### Data block
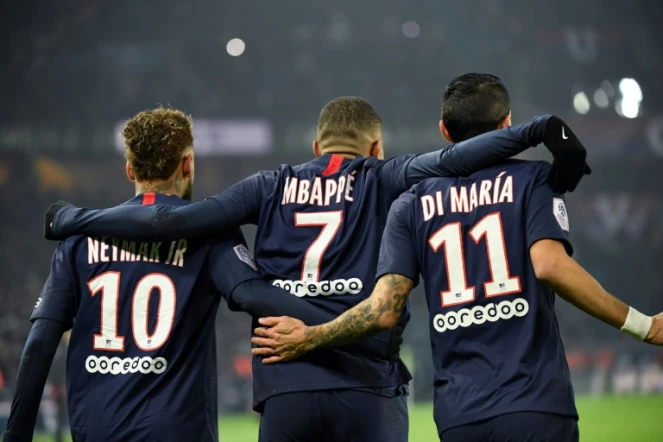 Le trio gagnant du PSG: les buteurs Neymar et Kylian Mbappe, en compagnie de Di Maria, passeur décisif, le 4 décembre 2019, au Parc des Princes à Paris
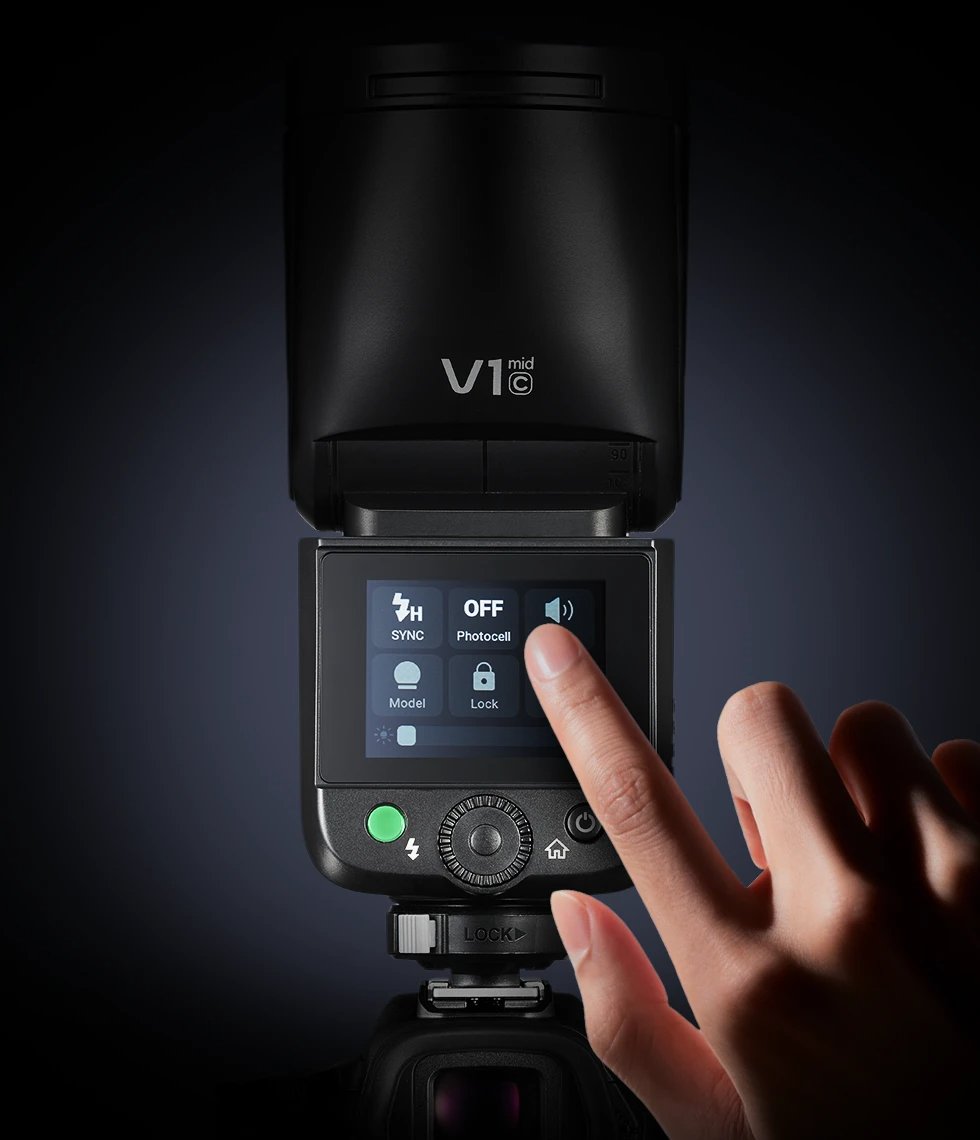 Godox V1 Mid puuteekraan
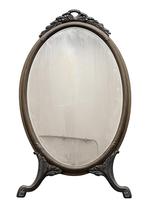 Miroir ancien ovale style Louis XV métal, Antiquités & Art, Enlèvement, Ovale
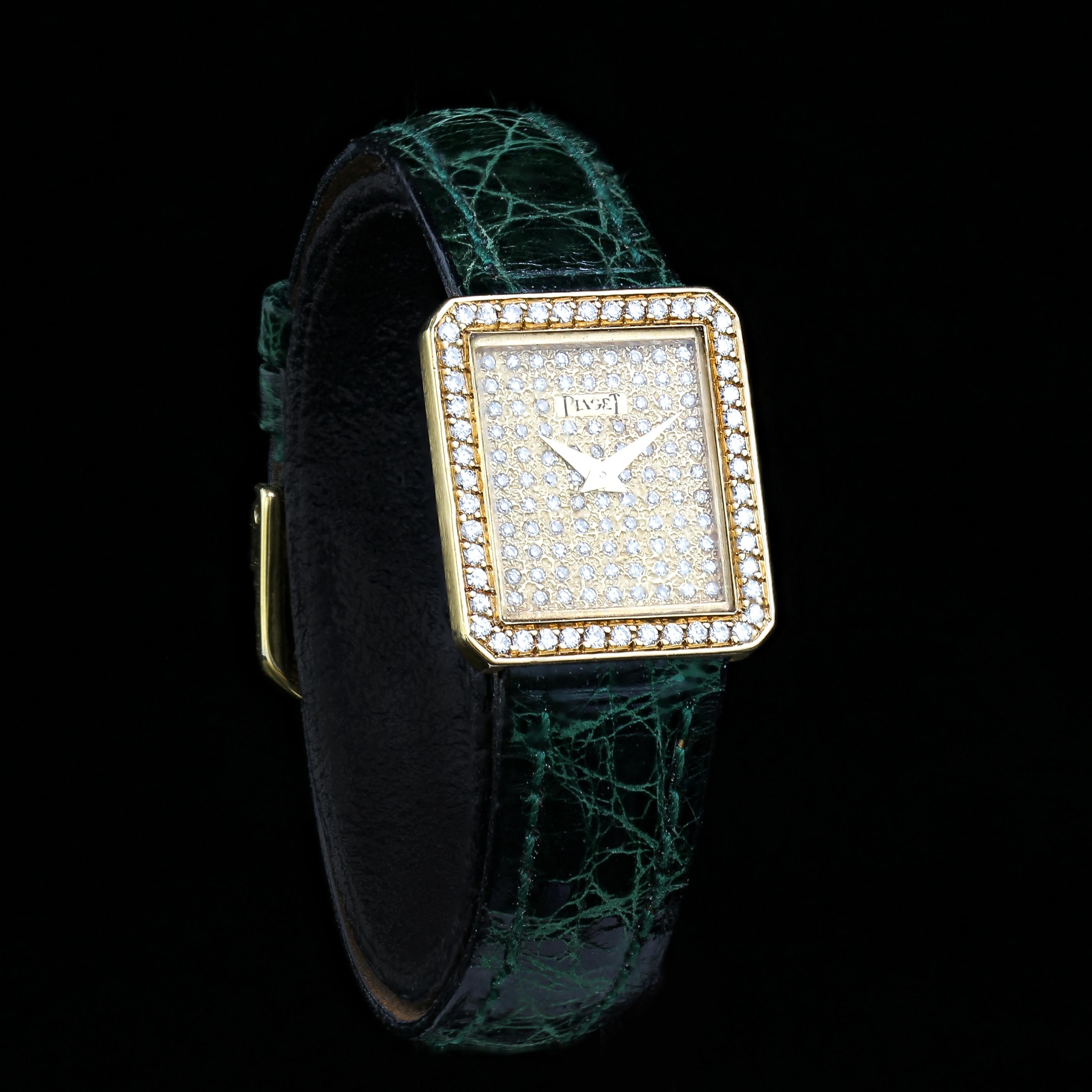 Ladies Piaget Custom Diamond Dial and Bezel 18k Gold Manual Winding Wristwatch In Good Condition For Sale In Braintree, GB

### Required action
Please retype, exactly as they appear, the lines from the one with "Miroir ancien ovale" through the final line of the material, both included, and drop any pictures.

### Exercise result
 Miroir ancien ovale style Louis XV métal, Antiquités & Art, Enlèvement, Ovale
 Ladies Piaget Custom Diamond Dial and Bezel 18k Gold Manual Winding Wristwatch In Good Condition For Sale In Braintree, GB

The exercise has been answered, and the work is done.